** RECORDS SHOWN follows **

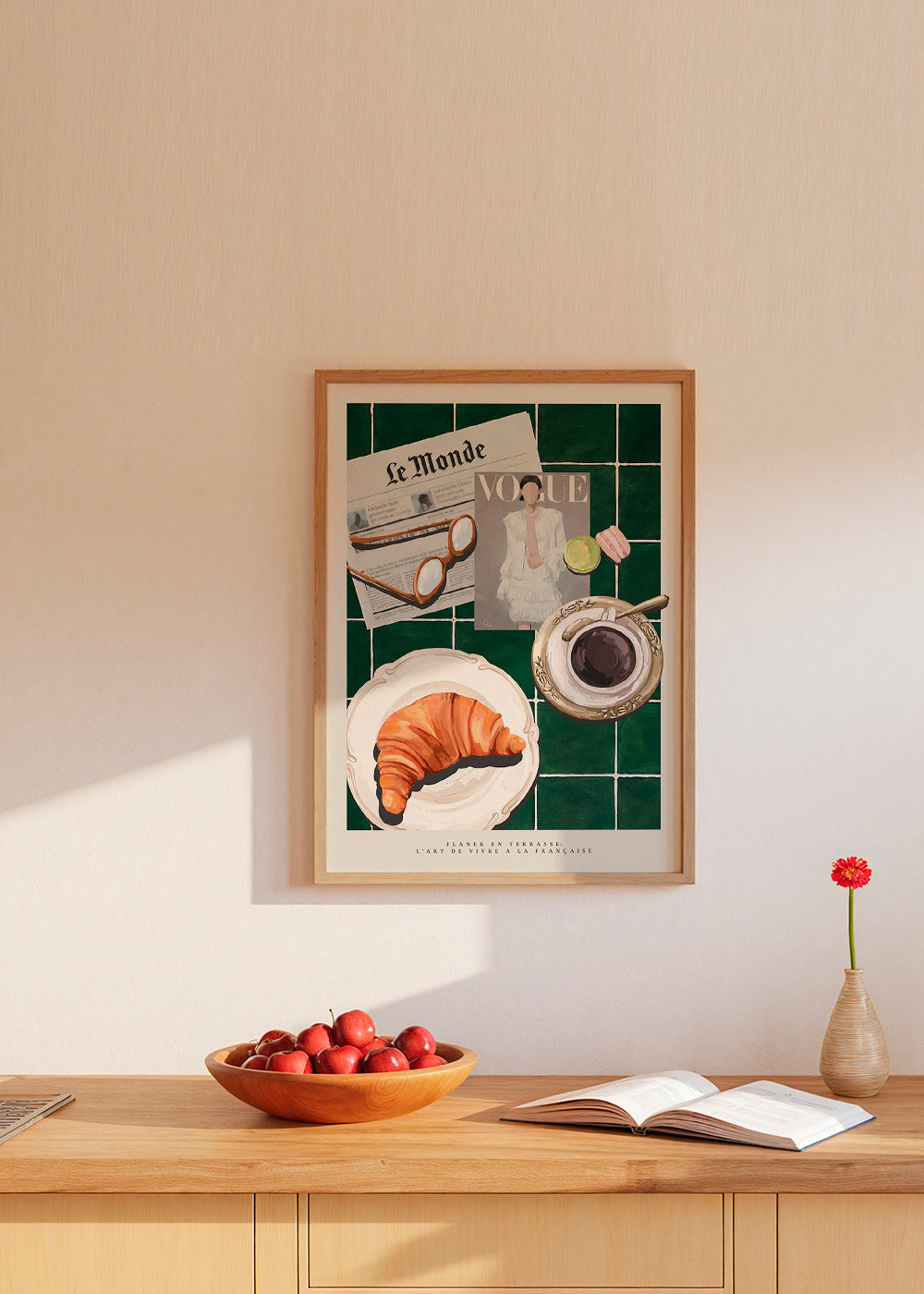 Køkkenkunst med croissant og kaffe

** End of RECORDS SHOWN **
** RECORDS SHOWN follows **

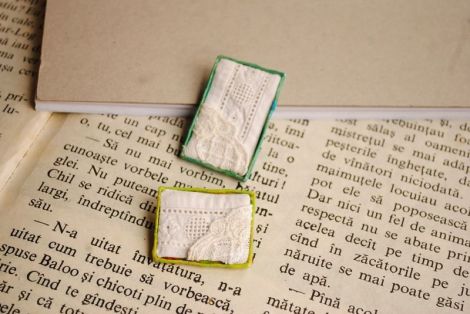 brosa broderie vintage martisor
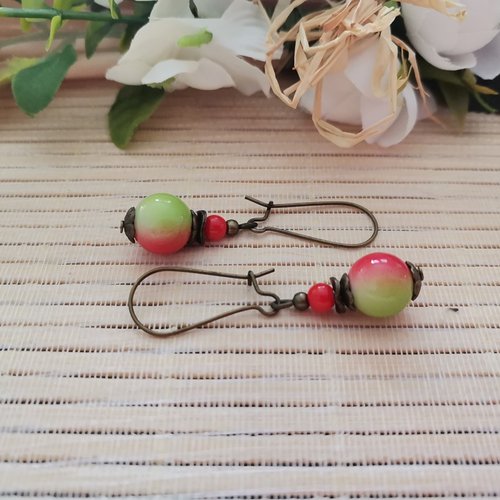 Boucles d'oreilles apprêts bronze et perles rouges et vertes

** End of RECORDS SHOWN **

WHAT TO WORK ON -
Within the listing above, print exactly the stretch beginning at the line that contains "brosa broderie vintage martisor" and finishing at the line that contains "Boucles d'oreilles apprêts", ends kept, pictures left out, and nothing more.

RESPONSE FOR THIS EXERCISE -
 brosa broderie vintage martisor
 Boucles d'oreilles apprêts bronze et perles rouges et vertes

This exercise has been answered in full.